▶ _TASK_
Return exactly the lines of the records below, starting at the line that contains "هكذا تستخدم عصابات" and ending at the line that contains "plaatje 2-geleiding druif_tendone", with both of those lines kept.
PROVIDED DATA Block Start
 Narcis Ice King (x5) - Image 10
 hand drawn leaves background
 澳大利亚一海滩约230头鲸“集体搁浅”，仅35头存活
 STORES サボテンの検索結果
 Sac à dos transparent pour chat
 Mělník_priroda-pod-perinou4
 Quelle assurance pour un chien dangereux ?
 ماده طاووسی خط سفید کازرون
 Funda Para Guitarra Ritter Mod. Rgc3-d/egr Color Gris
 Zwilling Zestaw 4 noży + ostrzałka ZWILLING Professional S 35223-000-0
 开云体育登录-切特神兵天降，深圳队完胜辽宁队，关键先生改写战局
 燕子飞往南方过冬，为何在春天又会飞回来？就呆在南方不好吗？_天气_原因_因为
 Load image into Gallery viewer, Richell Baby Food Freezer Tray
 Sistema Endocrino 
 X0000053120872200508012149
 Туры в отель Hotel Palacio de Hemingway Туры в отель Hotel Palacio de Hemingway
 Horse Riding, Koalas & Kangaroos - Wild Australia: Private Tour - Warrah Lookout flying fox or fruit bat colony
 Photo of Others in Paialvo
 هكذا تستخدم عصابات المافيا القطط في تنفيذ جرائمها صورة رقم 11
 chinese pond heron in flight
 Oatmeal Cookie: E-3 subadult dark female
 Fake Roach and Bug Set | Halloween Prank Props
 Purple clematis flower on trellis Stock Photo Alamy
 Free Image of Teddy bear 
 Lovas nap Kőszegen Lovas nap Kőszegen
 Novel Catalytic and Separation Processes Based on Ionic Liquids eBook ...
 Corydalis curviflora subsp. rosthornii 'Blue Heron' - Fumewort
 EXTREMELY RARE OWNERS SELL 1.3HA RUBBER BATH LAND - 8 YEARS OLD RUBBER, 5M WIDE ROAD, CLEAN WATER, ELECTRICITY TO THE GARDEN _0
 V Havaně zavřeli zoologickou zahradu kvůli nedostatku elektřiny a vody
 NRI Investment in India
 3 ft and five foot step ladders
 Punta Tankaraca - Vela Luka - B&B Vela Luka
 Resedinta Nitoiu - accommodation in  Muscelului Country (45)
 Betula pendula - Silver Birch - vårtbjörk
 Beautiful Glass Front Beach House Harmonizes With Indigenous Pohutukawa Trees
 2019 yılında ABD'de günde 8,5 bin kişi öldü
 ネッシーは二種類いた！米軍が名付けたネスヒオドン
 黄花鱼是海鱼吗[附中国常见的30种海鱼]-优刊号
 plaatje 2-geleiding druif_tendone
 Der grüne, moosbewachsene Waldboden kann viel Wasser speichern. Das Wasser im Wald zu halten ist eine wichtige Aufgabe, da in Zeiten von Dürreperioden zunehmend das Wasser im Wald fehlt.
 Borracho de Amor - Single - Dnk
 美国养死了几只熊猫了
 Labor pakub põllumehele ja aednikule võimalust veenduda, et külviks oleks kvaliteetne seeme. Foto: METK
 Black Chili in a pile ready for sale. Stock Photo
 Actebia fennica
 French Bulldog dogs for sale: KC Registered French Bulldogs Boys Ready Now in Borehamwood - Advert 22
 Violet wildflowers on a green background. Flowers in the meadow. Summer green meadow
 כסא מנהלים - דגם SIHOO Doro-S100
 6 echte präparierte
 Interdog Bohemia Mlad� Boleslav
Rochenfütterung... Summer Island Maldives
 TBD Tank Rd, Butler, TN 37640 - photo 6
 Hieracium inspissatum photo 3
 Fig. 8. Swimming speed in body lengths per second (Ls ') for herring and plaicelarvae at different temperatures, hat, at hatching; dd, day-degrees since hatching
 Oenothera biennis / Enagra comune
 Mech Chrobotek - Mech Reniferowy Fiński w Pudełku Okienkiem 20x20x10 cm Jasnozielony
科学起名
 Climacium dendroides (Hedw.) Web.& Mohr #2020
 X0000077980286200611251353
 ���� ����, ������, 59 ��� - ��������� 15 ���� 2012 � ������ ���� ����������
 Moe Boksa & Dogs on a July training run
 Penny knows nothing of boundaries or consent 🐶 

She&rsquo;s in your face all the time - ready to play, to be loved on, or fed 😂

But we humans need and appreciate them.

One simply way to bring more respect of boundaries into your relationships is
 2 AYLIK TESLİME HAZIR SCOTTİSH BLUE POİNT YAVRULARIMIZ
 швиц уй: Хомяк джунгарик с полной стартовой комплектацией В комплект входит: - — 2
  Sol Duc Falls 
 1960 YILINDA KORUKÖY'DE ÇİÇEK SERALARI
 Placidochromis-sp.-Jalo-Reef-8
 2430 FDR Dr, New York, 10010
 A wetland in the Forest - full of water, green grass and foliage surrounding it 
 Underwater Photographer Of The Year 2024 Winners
PROVIDED DATA Block End
▶ _REPLY_
 هكذا تستخدم عصابات المافيا القطط في تنفيذ جرائمها صورة رقم 11
 chinese pond heron in flight
 Oatmeal Cookie: E-3 subadult dark female
 Fake Roach and Bug Set | Halloween Prank Props
 Purple clematis flower on trellis Stock Photo Alamy
 Free Image of Teddy bear 
 Lovas nap Kőszegen Lovas nap Kőszegen
 Novel Catalytic and Separation Processes Based on Ionic Liquids eBook ...
 Corydalis curviflora subsp. rosthornii 'Blue Heron' - Fumewort
 EXTREMELY RARE OWNERS SELL 1.3HA RUBBER BATH LAND - 8 YEARS OLD RUBBER, 5M WIDE ROAD, CLEAN WATER, ELECTRICITY TO THE GARDEN _0
 V Havaně zavřeli zoologickou zahradu kvůli nedostatku elektřiny a vody
 NRI Investment in India
 3 ft and five foot step ladders
 Punta Tankaraca - Vela Luka - B&B Vela Luka
 Resedinta Nitoiu - accommodation in  Muscelului Country (45)
 Betula pendula - Silver Birch - vårtbjörk
 Beautiful Glass Front Beach House Harmonizes With Indigenous Pohutukawa Trees
 2019 yılında ABD'de günde 8,5 bin kişi öldü
 ネッシーは二種類いた！米軍が名付けたネスヒオドン
 黄花鱼是海鱼吗[附中国常见的30种海鱼]-优刊号
 plaatje 2-geleiding druif_tendone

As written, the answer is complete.